Most large projects use a build process to generate its distribution files. The typical steps are as follows: configure, create dependencies, build tools, build executables & build documentations, and install & deploy.
At the first step, it configures software options and determine what are exactly to be built. The second step creates a dependency graph, which specifies the correct order in which all the components of the project are to be built. The third step builds some of the proprietary tools that can be used later in the build process. At the fourth step, the project-specific tools built at the third step, together with those standard tools, are used to preprocess, compile, and link the project executables. At the same time, documentations are generated in the final form as well. At last, the resultant executables and documentations are installed on the target system or prepared for larger-scale deployment and distribution.

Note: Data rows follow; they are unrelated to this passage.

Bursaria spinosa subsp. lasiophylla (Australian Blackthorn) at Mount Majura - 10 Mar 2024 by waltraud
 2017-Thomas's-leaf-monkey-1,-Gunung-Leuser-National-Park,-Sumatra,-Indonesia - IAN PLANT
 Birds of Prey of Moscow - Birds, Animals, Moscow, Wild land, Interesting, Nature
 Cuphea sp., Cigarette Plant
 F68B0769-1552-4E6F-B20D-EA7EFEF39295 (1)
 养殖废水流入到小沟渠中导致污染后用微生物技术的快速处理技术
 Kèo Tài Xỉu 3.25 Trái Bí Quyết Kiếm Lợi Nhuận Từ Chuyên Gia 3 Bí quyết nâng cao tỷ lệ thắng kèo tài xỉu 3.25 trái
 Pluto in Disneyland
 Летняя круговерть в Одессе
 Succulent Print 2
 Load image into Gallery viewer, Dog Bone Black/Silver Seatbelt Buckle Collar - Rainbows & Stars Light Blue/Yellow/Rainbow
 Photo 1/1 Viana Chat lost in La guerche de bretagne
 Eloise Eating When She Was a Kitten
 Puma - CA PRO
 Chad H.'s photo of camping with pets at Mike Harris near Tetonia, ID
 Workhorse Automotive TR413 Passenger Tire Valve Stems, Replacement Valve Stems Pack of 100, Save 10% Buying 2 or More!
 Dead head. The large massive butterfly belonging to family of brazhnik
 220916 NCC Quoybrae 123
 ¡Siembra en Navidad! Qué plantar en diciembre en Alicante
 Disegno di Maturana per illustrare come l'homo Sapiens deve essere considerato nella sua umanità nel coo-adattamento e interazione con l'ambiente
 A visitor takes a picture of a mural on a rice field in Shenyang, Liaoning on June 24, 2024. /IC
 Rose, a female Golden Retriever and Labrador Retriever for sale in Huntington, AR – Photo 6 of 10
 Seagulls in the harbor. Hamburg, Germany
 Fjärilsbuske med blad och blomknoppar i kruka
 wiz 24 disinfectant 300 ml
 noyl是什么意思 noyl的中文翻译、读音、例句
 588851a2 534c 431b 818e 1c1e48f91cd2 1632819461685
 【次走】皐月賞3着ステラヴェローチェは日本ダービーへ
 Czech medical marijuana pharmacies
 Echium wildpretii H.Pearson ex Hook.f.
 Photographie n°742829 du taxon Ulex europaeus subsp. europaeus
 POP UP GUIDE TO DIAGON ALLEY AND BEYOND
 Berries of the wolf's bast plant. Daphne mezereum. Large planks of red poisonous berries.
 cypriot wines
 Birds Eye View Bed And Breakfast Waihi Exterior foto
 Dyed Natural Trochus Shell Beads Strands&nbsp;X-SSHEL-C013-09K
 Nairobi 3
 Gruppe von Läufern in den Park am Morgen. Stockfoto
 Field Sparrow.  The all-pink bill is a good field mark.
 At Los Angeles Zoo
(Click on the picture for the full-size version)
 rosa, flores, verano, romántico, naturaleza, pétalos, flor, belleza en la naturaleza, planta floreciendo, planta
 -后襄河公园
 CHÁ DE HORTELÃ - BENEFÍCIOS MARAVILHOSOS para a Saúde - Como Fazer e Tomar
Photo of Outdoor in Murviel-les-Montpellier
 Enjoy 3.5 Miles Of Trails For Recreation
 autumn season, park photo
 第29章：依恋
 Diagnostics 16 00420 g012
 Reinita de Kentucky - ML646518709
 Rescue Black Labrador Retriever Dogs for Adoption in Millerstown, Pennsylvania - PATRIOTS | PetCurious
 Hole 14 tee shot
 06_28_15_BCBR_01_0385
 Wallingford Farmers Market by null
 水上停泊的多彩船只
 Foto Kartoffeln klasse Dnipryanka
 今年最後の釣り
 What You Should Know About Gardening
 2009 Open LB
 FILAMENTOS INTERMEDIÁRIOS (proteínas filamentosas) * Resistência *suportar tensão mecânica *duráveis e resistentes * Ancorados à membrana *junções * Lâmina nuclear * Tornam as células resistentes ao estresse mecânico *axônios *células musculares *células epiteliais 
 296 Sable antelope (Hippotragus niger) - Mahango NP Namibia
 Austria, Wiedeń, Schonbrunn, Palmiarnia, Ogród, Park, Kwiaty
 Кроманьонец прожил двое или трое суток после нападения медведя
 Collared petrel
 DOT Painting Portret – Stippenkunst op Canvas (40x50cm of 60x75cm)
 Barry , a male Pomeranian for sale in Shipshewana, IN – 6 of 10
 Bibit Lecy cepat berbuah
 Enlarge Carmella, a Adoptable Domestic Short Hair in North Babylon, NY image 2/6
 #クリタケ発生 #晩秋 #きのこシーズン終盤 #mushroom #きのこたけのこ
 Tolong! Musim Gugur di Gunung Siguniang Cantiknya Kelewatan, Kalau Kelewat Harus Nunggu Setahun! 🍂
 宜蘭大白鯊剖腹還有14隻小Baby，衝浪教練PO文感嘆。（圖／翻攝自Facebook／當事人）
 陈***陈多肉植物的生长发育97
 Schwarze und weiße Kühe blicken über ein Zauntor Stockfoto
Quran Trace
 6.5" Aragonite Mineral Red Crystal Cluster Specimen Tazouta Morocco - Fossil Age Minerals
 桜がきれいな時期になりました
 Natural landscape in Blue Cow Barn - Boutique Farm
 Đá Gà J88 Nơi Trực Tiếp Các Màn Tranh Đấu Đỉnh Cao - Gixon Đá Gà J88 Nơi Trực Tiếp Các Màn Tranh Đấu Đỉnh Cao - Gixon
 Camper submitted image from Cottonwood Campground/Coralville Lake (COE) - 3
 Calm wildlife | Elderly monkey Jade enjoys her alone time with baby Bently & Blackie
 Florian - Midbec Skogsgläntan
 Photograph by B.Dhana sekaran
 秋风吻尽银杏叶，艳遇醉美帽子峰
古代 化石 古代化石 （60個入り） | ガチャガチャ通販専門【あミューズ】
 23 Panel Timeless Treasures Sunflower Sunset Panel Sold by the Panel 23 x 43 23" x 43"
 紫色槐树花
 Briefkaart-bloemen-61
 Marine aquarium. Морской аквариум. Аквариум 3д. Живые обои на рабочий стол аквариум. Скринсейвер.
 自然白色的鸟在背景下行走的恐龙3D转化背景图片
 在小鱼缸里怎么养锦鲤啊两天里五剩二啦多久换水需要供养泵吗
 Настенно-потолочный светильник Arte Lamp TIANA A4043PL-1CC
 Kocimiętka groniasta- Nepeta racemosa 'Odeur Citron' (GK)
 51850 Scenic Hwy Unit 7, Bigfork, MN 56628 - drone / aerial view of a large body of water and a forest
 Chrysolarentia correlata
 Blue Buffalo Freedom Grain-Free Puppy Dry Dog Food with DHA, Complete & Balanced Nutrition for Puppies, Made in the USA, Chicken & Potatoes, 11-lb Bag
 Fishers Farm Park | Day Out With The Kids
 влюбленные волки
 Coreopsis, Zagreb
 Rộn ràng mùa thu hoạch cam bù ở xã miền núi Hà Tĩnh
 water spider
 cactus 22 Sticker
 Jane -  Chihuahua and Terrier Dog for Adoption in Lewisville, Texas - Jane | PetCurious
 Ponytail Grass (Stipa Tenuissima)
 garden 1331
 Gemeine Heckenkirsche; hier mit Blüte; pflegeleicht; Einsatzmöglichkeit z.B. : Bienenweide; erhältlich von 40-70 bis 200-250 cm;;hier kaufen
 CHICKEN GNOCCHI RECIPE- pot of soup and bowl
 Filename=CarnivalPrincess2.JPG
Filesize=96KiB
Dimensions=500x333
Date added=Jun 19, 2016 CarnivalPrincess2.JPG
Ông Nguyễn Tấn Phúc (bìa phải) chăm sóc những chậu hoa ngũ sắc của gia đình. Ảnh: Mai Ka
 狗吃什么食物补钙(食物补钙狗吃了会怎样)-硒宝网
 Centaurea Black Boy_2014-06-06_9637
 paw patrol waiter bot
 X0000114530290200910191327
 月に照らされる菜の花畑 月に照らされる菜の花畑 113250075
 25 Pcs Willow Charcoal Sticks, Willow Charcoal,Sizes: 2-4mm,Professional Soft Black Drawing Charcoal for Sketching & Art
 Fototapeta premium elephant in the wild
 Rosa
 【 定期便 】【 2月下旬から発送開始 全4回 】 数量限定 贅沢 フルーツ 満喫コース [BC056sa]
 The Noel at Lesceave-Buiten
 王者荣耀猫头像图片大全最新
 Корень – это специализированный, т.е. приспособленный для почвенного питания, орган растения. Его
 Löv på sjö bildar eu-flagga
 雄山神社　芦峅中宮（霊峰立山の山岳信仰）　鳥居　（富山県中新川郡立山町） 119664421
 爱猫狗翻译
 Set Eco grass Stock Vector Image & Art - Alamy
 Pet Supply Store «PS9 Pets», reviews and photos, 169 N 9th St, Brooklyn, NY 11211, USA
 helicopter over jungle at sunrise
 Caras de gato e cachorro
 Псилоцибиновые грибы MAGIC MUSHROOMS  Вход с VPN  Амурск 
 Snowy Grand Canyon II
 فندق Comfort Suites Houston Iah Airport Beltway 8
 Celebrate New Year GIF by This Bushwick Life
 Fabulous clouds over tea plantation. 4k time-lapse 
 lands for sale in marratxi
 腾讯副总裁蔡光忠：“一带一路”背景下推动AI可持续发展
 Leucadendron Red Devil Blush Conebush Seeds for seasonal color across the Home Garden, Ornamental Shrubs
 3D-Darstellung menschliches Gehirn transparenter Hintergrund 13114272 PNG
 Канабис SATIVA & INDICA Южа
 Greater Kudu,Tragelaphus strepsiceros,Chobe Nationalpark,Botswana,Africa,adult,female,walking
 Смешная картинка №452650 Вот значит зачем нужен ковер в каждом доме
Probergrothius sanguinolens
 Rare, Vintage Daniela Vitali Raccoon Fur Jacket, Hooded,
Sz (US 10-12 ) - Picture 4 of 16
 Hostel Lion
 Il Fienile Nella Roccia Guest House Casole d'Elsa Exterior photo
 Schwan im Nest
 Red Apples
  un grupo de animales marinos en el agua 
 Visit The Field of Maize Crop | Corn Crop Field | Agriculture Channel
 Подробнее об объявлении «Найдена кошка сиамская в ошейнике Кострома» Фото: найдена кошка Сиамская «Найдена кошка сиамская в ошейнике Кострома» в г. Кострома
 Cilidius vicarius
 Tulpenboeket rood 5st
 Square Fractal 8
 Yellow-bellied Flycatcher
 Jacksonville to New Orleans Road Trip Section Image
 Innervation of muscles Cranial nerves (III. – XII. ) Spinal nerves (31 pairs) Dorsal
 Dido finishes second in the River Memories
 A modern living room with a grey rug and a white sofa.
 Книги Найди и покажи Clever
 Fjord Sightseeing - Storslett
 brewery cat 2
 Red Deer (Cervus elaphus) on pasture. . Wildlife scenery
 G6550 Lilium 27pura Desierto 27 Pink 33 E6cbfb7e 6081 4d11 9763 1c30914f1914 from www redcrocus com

"By far the most intricate part of a build process concerns the definition and management of the project's dependencies. These specify how different project parts depend on each other and, therefore, the order in which the project's parts are to be built." It is quite right. Usually, distribution files depend on executables and documentations, and some libraries and components. Documentations depend on those source documents, while executables depend on object files, including some libraries and components which also depend on some object files. Object files, of course, depend on source files, and header files if written in C or C++.
It is not easy to get a dependency graph from a concrete build process manually, vice versa. However, there are some automatic tools to do so. The famous examples are make, ant, etc.